Rio - As dificuldades das mulheres que cumprem pena no Brasil vão muito além da segregação social ou da falta de vaidade a que são impostas. Nas penitenciárias femininas, as detentas convivem em condições desumanas, onde enfrentam desde a falta de papel higiênico até o preconceito com as relações homoafetivas. A rotina das cerca de 36 mil mulheres, segundo estimativa do Ministério da Justiça, é relatada no livro ‘Presos que Menstruam’, da jornalista e ativista dos direitos das mulheres Nana Queiroz, 29 anos, lançado esse mês (Record, 294 páginas, R$40). 

Nana Queiroz é autora do livro ‘Presos que Menstruam’Divulgação


‘’As prisões não estão preparadas para receber essas mulheres. Faltam absorventes, acesso à exames preventivos e até pré-natal elas têm dificuldades de fazer. Muitos bebês acabam nascendo no chão das penitenciárias", relata a ativista, que criou o movimento Não Mereço Ser Estuprada, no ano passado.

Tendo como fio condutor a história de sete mulheres, além de ter conversado com Suzane von Richthofen, o livro aborda questões delicadas como a maternidade e a homossexualidade, dentro dos presídios femininos. A jornalista conta que não foi difícil fazer com que as declarações viessem à tona.

‘’As próprias presas contavam sobre a sua relação umas com as outras. Elas falavam abertamente: ’Essa daqui é a minha mulher’. Até cantada por uma das presidiárias eu fui ’’, diz Nana, fazendo referência à Vera, uma das personagens do livro.

A maternidade é outro assunto presente em diversas histórias. Muitas vezes as mulheres devem optar entre entregar as crianças para um parente ou dar para adoção, ainda no período de aleitamento materno, devido às más condições das celas.

‘’Em alguns lugares a lei de 2009, que assegura às presas o período do aleitamento materno dentro dos presídios, não é cumprida, até mesmo por decisão da própria mãe’’, conta. 

Produtos de beleza, tão comuns para mulheres fora dos presídios, é artigo de luxo para quem está cumprindo pena. ‘’Para driblar as restrições, as presas usam a criatividade. Em um presídio que visitei em Brasília, por exemplo, usavam pó de fósforo para fazer sombra para os olhos e caneta preta como delineador’’, diz.

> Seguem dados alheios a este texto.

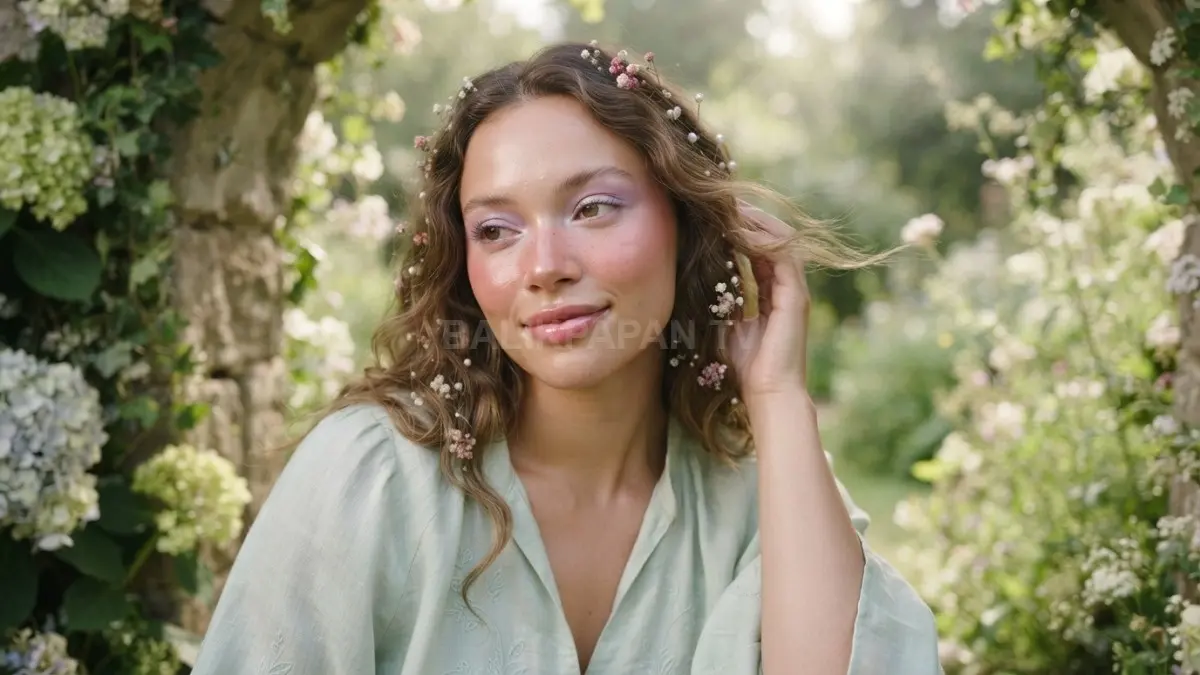 Makeup fairycore menampilkan kulit natural, blush romantis, warna pastel, dan kilau lembut bernuansa negeri dongeng. (BTV/AI)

Para contrapor as versões dadas pelas presas, a escritora decidiu analisar as sentenças dos processos e conversar com promotores e autoridades. ‘’Ao ver os processos pude constatar que as presas não mentem. Elas apenas procuram justificativas para os crimes cometidos. Acredito que elas fazem isso por causa da nossa sociedade machista, que acredita que a mulher criminosa é pior do que os homens’’, diz Nana, que pesquisou o tema durante cinco anos e escreveu o livro em quatro.

Ao todo, foram cinco estados (São Paulo, Rio Grande do Sul, Paraná, Distrito Federal e Bahia) e diversas penitenciárias visitadas, além de uma tribo indígena. A estratégia para se aproximar das presas foi entrar nas prisões como amiga das detentas, com a ajuda da família delas.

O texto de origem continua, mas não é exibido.